André Churra, que esteve em 2015 na primeira direção da Juventude Centrista com Francisco Rodrigues dos Santos, aponta uma certa falência da direita centrista. "O discurso moderado do CDS, como o do PSD, não traz empatia, é elitista, diz pouco aos daqui. E o Chega é como o chão, é simples, claro, direto às pessoas do campo, agricultores, caçadores, das forças de segurança, funcionários públicos, idosos, pessoas comuns. E essa retórica, é o país que temos, é difícil, mesmo muito difícil de contrariar".
Protestar até isto virar
Ana Maria, 60 anos, e Jorge Silva, 65, estão na esplanada limpa e fria do seu Café Bip Bip, que exploram há 15 dias. Fica na maior rua das sete ruas da freguesia, pintalgada de laranjeiras, entre o casario branco e baixo e democrático. O silêncio reverbera entre o chilrear das aves. Falam sem papas, a troar. "O país está à deriva, uma deriva para trás. Está de rastos, saúde, justiça, respeito. Só o André, um grande patriota, é que o pode levantar. Eu ouço-o e arrepio-me, é o único a dizer a verdade".
Ele veio do Meco, ela esteve muitos anos em Moçambique, voltou aflita em 1974. Continua: "Não admito: os nossos governantes aceitam todos os que vêm de fora e dão-lhes logo emprego. Primeiro os nossos! É preciso pôr mão nisto! Isto não é um país, é uma pantomina. Claro que votamos no Chega. É protesto? Pois claro que é! E escreva aí, sem medo: vamos continuar a protestar até isto virar".
Elvas em comparação com o país
A perder habitantes desde 2001
No ano 2001, moravam em Elvas 23 361 pessoas. Em 20 anos perdeu 2628: são agora 20 733 habitantes. O número médio de indivíduos por km2 é baixo: 32,8; a média do país é muito mais alta: 112,2.
Cada vez mais idosos e com menos jovens
Em 2001, o concelho já tinha mais idosos do que jovens: 131 seniores por cada 100 jovens (0-14 anos). 20 anos depois, o número de idosos galgou: são agora 174 por cada 100 jovens.
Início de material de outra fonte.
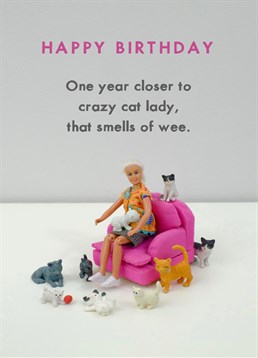 Crazy Cat Lady Jeffrey and Janice birthday card. Who's to say having hundreds of cat friends is such a crazy idea? It sounds like heaven to me. The perfect card for those future cat ladies!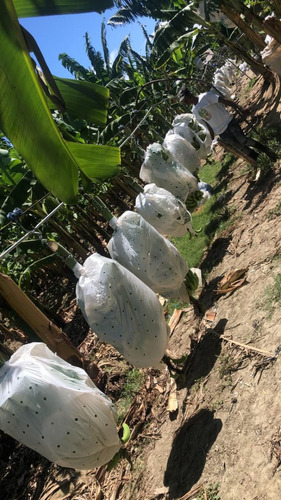 Terreno En Santiago Cienfuegos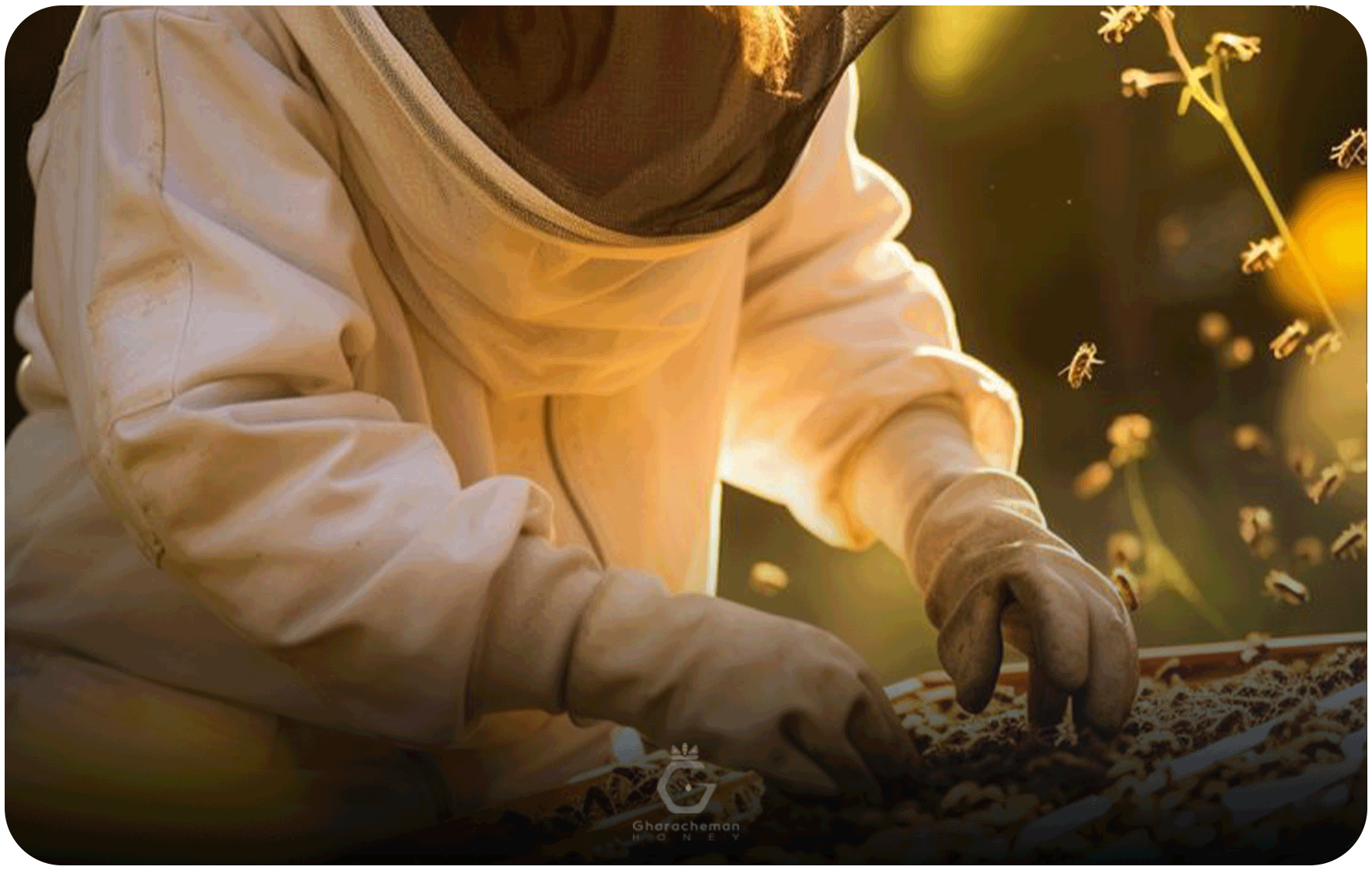 زنبورداری در دوران باستان و تمدن‌های ایرانی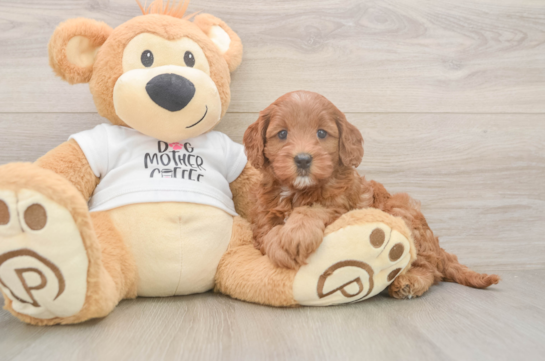 Best Mini Goldendoodle Baby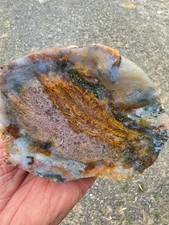 {OOAK} RARE MAURY MOUNTAIN MOSS AGATE SLAB/SPECIMEN - GORGEOUS - OREGON picture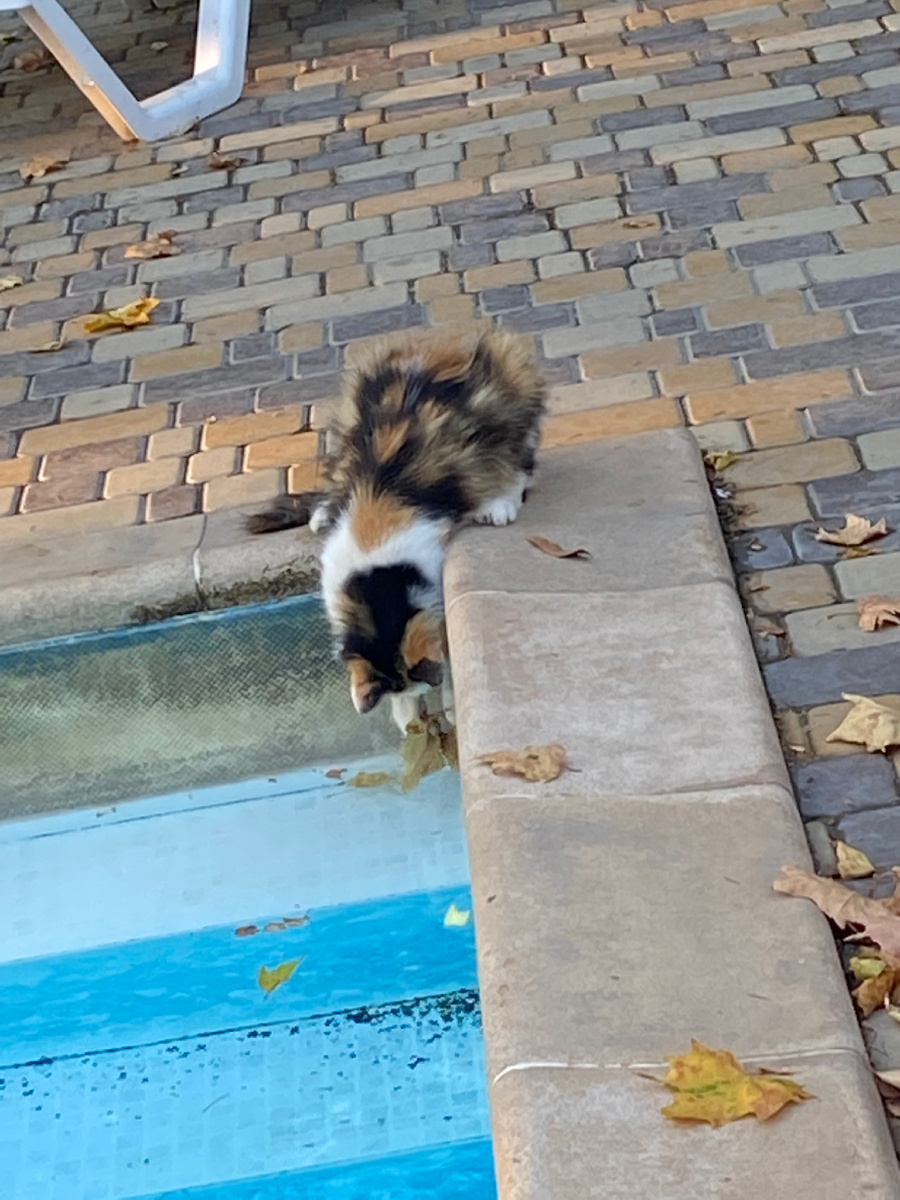 Кошечка хочет в бассейн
Saldo negativo em nascimentos
Em 2020, a diferença entre nascimentos e mortes foi negativa: saldo natural de menos 178 pessoas. O saldo migratório é também negativo (menos 61 pessoas).
Mais desemprego do que a média nacional
Em 2020, o número de desempregados inscritos no IEFP era 8,7% em Elvas. É uma média superior à de Portugal continental, que está agora nos 5,8%.
Ali ganha-se menos do que no resto do país
O ganho médio mensal dos trabalhadores por conta de outrem é, em todo o país, de 1206 euros. No Interior de Elvas, a média de vencimentos é bastante inferior: 892 euros por mês.
Poder de compra também está abaixo
O poder de compra per capita no concelho tem vindo a subir, mas está ainda abaixo da média do país: era de 84,9 em 2011; é de 90,5 em 2019, para uma taxa de 100 em Portugal Continental.